45 Zydus attempts to distinguish Ezra because PTAs under section 154, unlike PTEs under section 156, are subject to terminal disclaimers. (DFOF ¶ 345.) In other words, if a patent is subject to a terminal disclaimer, a PTA cannot extend the patent's term beyond the terminal disclaimer. See 35 U.S.C. § 154(b)(2)(B). In that regard, Zydus suggests that the Ezra decision distinguishes PTEs and PTAs in the context of obviousness-type double patenting. This, however, is an incorrect reading of Ezra . The only mention of PTAs in Ezra is in the context of discussing an earlier decision that noted the different statutory conditions for granting these extensions and, further, that a PTA cannot extend the statutory term of a patent if a terminal disclaimer had previously been filed. Ezra , 909 F.3d at 1374 (citing Merck & Co. v. Hi-Tech Pharmacal Co. , 482 F.3d 1317, 1321–23 (Fed. Cir. 2007) ). But even if the role of a terminal disclaimer affected the obviousness-type double patenting analysis, Zydus does not contend that a terminal disclaimer was required here.

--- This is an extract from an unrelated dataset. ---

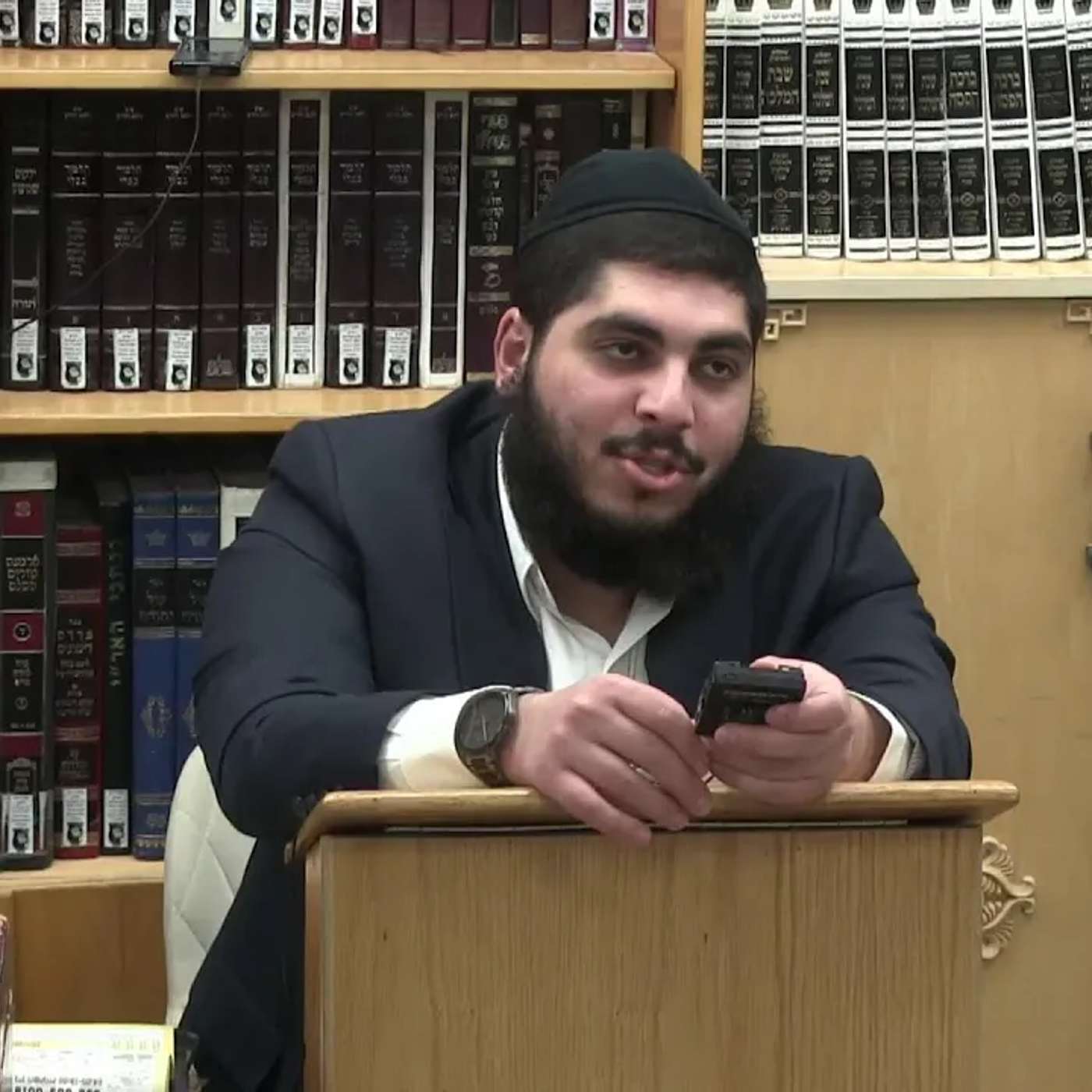 החיד''א -שיעור ערב בהלכה ובאגדה-אור לט' אדר תשפ''ו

46 Zydus, in its post-trial submission, raised for the first time the issue of gamesmanship, contending that Plaintiffs engaged in gamesmanship by waiting to file the application for the ’219 Patent after the ’788 Patent had been issued. (DFOF ¶ 347.) The Court does not find that any gamesmanship was present here and, moreover, that gamesmanship does not factor into the application of the obviousness-type double patenting analysis. Rather, it is the "potential for gamesmanship" that courts have considered in determining whether the obviousness-type double patenting analysis applies in a certain situation. See Ezra , 909 F.3d at 1374 (noting that "[t]his case does not present the concerns that drove recent decisions of this court regarding obviousness-type double patenting in the post-URAA context").

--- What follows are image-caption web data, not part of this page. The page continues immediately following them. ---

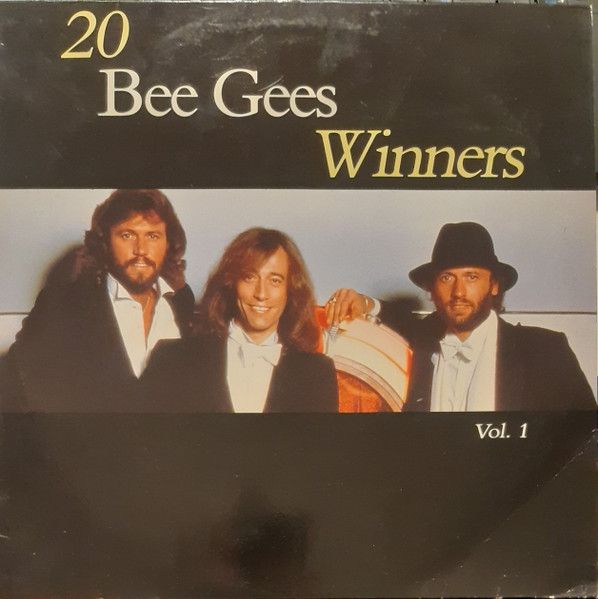 Bee Gees ‎– 20 Bee Gees Winners - Vol. 1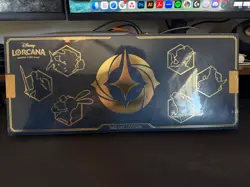 D23 Expo 2024 Exclusive! Disney Lorcana Sealed Collection Box Set - Image 1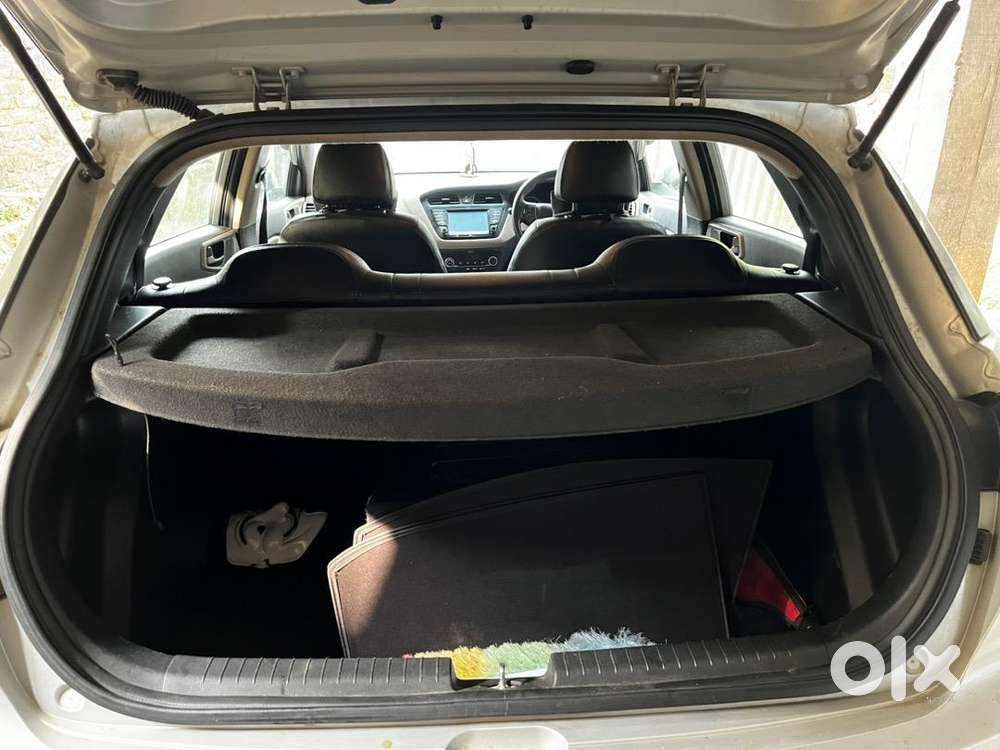 Hyundai Petrol Car 2017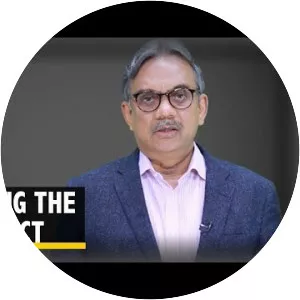 Sanjay Pugalia - Indian business journalist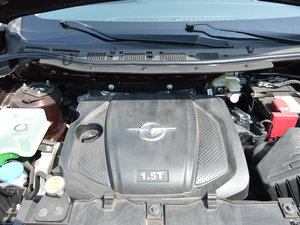 2017款1.5T 自动适·臻型 6座 其它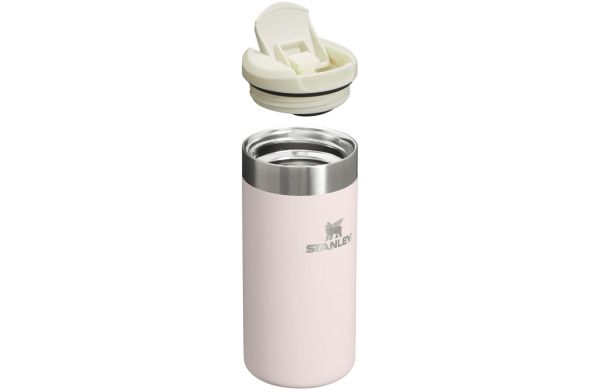 Stanley 350 ml AeroLight™ Transit Thermobecher, hellrosa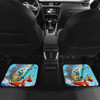 The Legend Of Zelda Front And Back Car Mats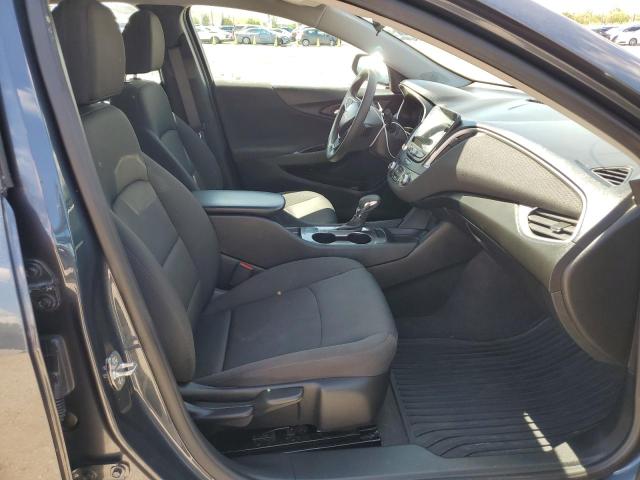 Photo 5 from auction – 2021 CHEVROLET MALIBU LS with VIN 1G1ZB5ST5MF046313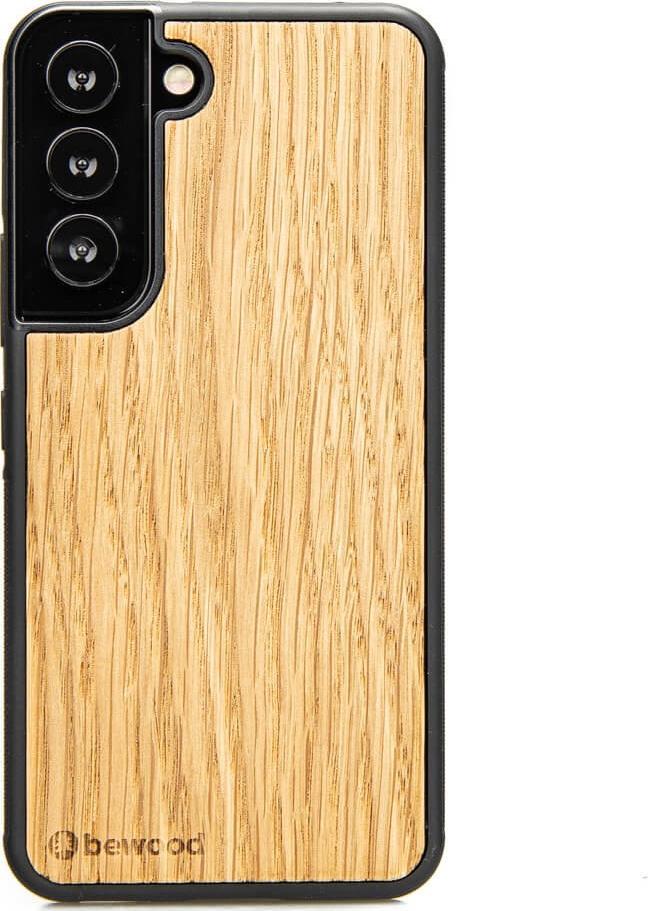 BeWood Drewniane Etui Samsung Galaxy S22 DĄB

In conclusion, the Court finds that the ’219 Patent cannot be used as a reference against the ’788 Patent for the purpose of obviousness-type double patenting analysis. Because I find that the ’788 Patent is not invalid for obviousness-type double patenting, I need not consider the parties’ argument with respect to whether the 25 U.S.C. § 121 safe harbor applies.

IV. CONCLUSION

For the foregoing reasons, the Court finds that (1) the patents-in-suit are not invalid as obvious and (2) that the ’788 Patent is not invalid under the doctrine of obviousness-type double patenting. An appropriate Order follows.